But for some Danes it was a window of opportunity impossible to resist.
Revenge killing spree
As the newspaper reveals, revenge was bloody and swift in the two days leading up to liberation, as Danes perceived to be traitors were sought out by their countrymen and summarily executed.
It’s interesting to note that none of the stories are reported as retribution against Nazi collaborators, but it’s safe to assume that was the case.
Suspected Nazi collaborators, stikkere (informants), were rounded up, while many of the women, who were mostly accused of sleeping with Germans, were publicly humiliated. Some were even stripped naked and daubed with swastikas.
In total, 40,000 were rounded up, of which 13,500 were eventually punished for collaborating with the enemy.
There were more reported deaths in Denmark between January and May 1945 (1,531) than there were in the four years prior (1,154).
Marked by a 19 metre-long candle
As is traditional, hundreds of thousands of Danes lit candles to display at their windows yesterday evening to mark the eve of Liberation Day.
Among these was a 19-metre-long candle placed in Blågårds Plads in the Copenhagen district of Nørrebro.
Mellemfolkeligt Samvirke, a NGO, commissioned the candle, and it was made from 3,000 recycled glass jam – each one containing a tea light.
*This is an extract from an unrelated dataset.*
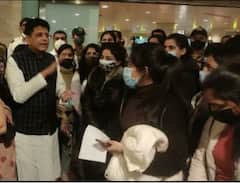 ਯੂਕਰੇਨ ਤੋਂ ਕੱਢੇ ਗਏ 219 ਭਾਰਤੀਆਂ ਨੂੰ ਲੈ ਕੇ AI ਦੀ ਪਹਿਲੀ ਫਲਾਈਟ ਪਹੁੰਚੀ ਮੁੰਬਈ , ਪਿਊਸ਼ ਗੋਇਲ ਏਅਰਪੋਰਟ 'ਤੇ ਰਹੇ ਮੌਜੂਦ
The square is the same location where just over a year ago the lawyer and failed politician Rasmus Paludan provoked residents of the district by throwing the Koran into the air, leading to hours-long riots in the area.
A year apart, some might argue they are both celebrations of liberation, although the soldiers who came to Copenhagen in 1945 might argue they did not fight Nazism for those kinds of freedoms.
For Bornholm, it’s a bombing anniversary
However, not everyone in Denmark was able to celebrate Liberation Day in 1945 – or for that matter to mark the date today.
The people of Bornholm had to wait a full year for liberation, because their German occupiers were replaced by Russian forces who did not finally return home until March and April 1946.
While the likes of Copenhagen was celebrating in May 1945, most Bornholmers were being bombed. Their German captors were instructed to hang on to the island as long as possible, as it was crucial to the country’s efforts to evacuate troops from its falling territories.
“It was cruel. Every time we turned on a radio, all we heard were cheers,” recalled islander Inger Drewes, 91, in an interview with TV2.
Following several nights of furious bombing, the Germans eventually surrendered on May 8. A day later the Russians sailed into Rønne.